Intervention strategies targeting the tumor microenvironment are also progressing rapidly. Various strategies targeting TAMs have entered preclinical and early clinical stages: CCR2 inhibitors can block the infiltration of monocytes into tumors; CSF1R inhibitors can deplete M2 macrophages; blocking the CD47-SIRPα axis restores the phagocytic function of TAMs against tumor cells. In addition, in March 2026, Professor Ester Hammond's team at the University of Oxford received funding from Brain Research UK to conduct research on Ag5 combined with radiotherapy for treating pediatric high-grade gliomas. Ag5 is a silver atom cluster compound that selectively increases reactive oxygen species (ROS) levels in tumor cells, pushing them beyond the tolerance threshold to induce cell death, while producing a synergistic killing effect when combined with radiotherapy.

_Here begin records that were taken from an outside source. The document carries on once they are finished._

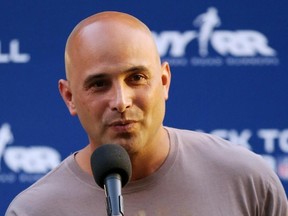 In this Aug. 30, 2012, file photo, Craig Carton talks during the NFL Back to Football Run at Central Park in New York. (John Minchillo/AP Images for NFL, File)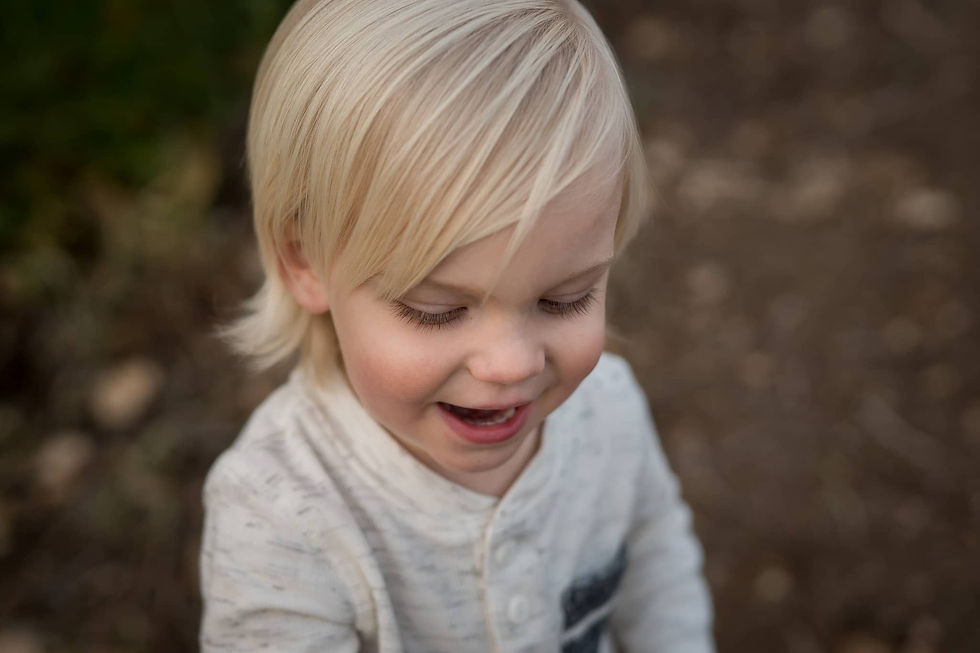 A toddler's candid smile of delight.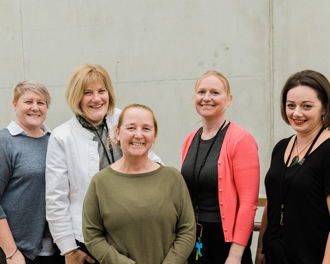 A group of women standing together smiling to camera.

Outlook: From Single-Point Breakthrough to Systemic Change

Current glioma research has developed a multidimensional treatment framework of 'physical barrier opening—precise targeted driving—immune synergistic activation—microenvironment remodeling.' Focused ultrasound opens physical channels for drug entry; IDH1 inhibitors provide precise targeting for specific mutation populations; oncolytic viruses combined with immunotherapy break through the limitations of 'cold tumors'; AAV gene therapy opens new therapeutic paradigms. In the future, with further integration of multi-omics screening, spatial transcriptomics, and personalized medication, combination treatment strategies based on patients' tumor mutation profiles and microenvironment characteristics will gradually be implemented.

It is foreseeable that glioma treatment is shifting from the traditional paradigm of 'surgery, radiotherapy, and chemotherapy' to a systematic transformation of 'physical barrier disruption, precise targeting, immune activation, and genetic modification.' This is not just an enrichment of therapeutic methods but also a subversion of the concept of 'incurable intracranial disease.' With more phase III clinical trial data emerging, the hope for long-term survival in glioma patients is moving from vision to reality.